ながおかドキドキ通信


  越後の昔話
   「カラス村があったてんがの〜」
 昔々、越後にカラス村があったがぁと。そうしてそのの村は汪という悪あるい人が村のえぇれい人だっただと。汪といのはは村人にはやさしい時もあるろも、おもしろうねぇ時になると手がつけらんねぇぐれえおかねぇ人らんたんだと。

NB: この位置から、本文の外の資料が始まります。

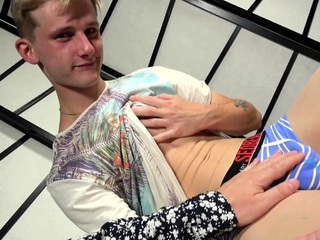 Slim czech boy Jason Markham get handjob his thick dick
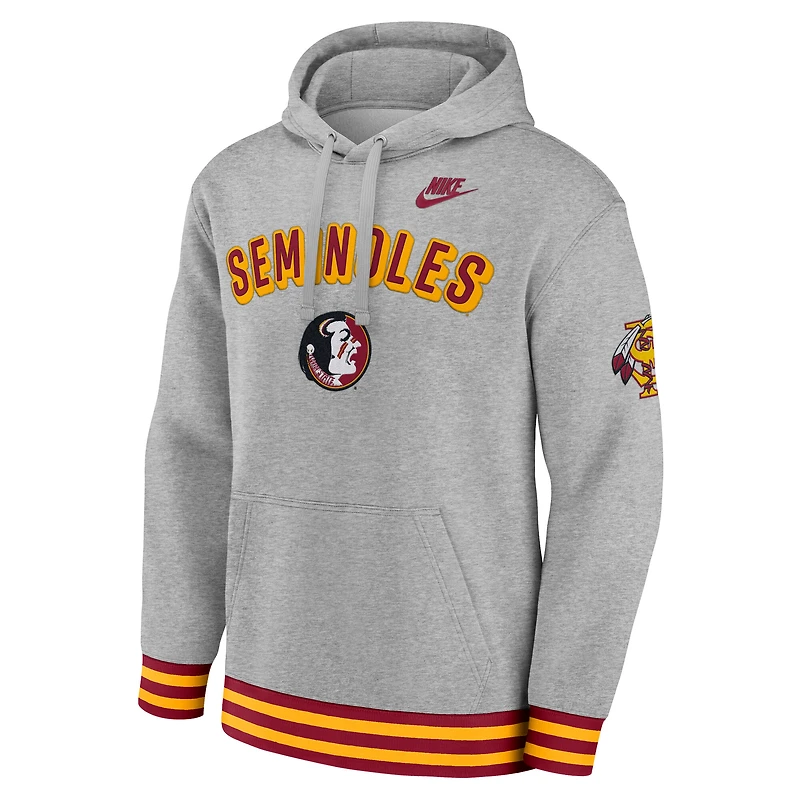 Men's Nike Heather Gray Florida State Seminoles Legacy Retro Pullover Hoodie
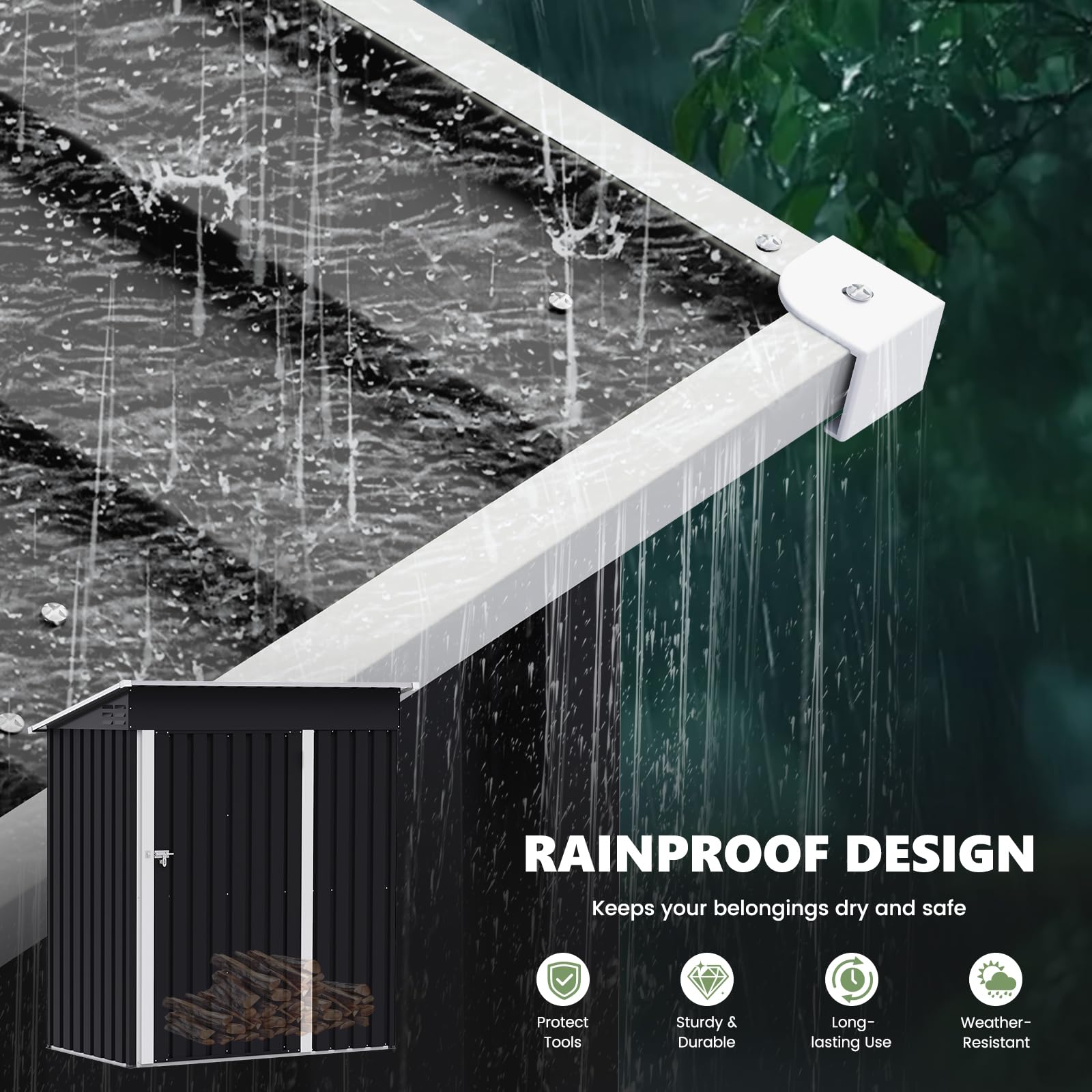 UDPATIO Casetta da Giardino in Metallo 164x86x181 cm 2.1 m³ Armadio da Esterno Impermeabile con Porta e Serratura Nero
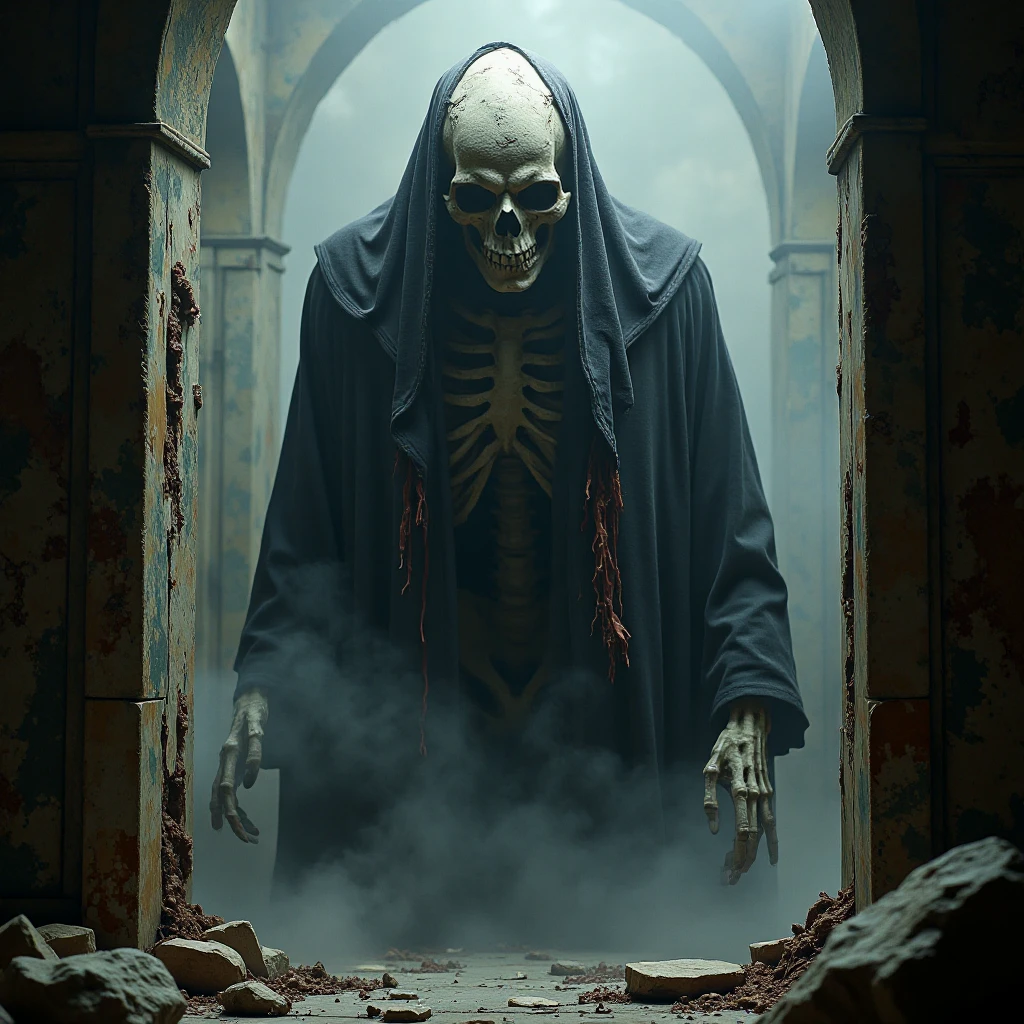 skeleton emerging from a marble crypt, shrouded in mist. Rustic, shredded rags hanging from its bones.

nghtmrCE_Style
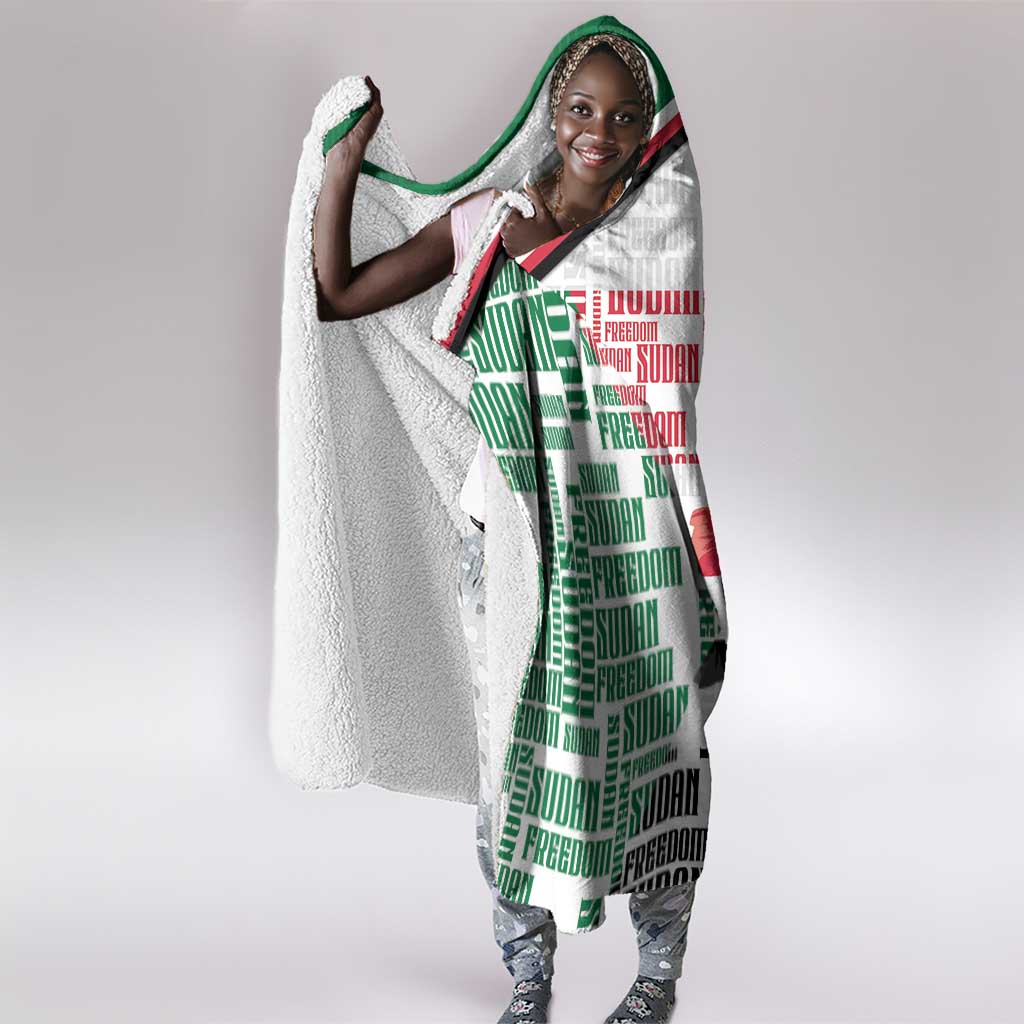Sudan Hooded Blanket Secretary Bird With Typography Patterns - African Pride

 そんげなある日のことだったんだって、汪がいっぺいこと食ねんで村から追んでて行く隣の村も手に入れたんたと。あんまりにもおっかしいもんでカラス村の福というカカが汪に聞いたんだと「オメさんもたいしたもんだノー。食わんねで村を出ていってしもうて人もそんげに住んでねえ村をよう手に入れたのう」と。そうしたら汪がいうたと「あんげな村を手に入れるのなんてぞうさもねぇことら。ゼンさえくんれば、あんげな村からだあれも出て行くこてや」。福はおったまげて腰ぬかしたと。
 その話を家にかえってから福は家のもんに話したと。そうしたらババアがいうたと「やっぱし汪はトトの血を引いたワアリィ男られ」と。ハバァはづうと話してたと。「汪のトトは覚というて、若けえ頃、バクチばっかやってたんだと。そんげな日、覚はどういうわてけらかしらんどもバクチしてよっぽろももうけたんだと。そうして隣の村をバクチでもうけたゼンで村ぜんぶを買うてしまうたがあと」。福の子どもは、いっつも福んことのいうことは聞かんろも、そん時は、おもしいてよう聞いていたんだと。ババアはそれがうれしいもんだすけ、いっぺえこと孫が寝るまでいうて聞かせてやたと。そうしたら孫は聞いてきたんだと「バアバア、汪のトトの覚は、村買うてからどうなったがぁ」と。ババアは、いうたと「覚は、いばってばっかりいて悪りいことばっかしたので神様にバチがあたってチュブになって手も足も神様にもがいて死んでしもうたと」。おっかしいと思った孫は、またババアに聞いたと「ババア。覚のことはようわかったろも汪はこれからどうなるのらめがあ」。そうしたらババアはいうたと「トトは悪りいことやて手足もがいて死んでしもうたろ。汪らってそのうちバチがあたってチュウブなって手と足もがいて死んでしもうこてや!」。いちやぽおん〜とさげた。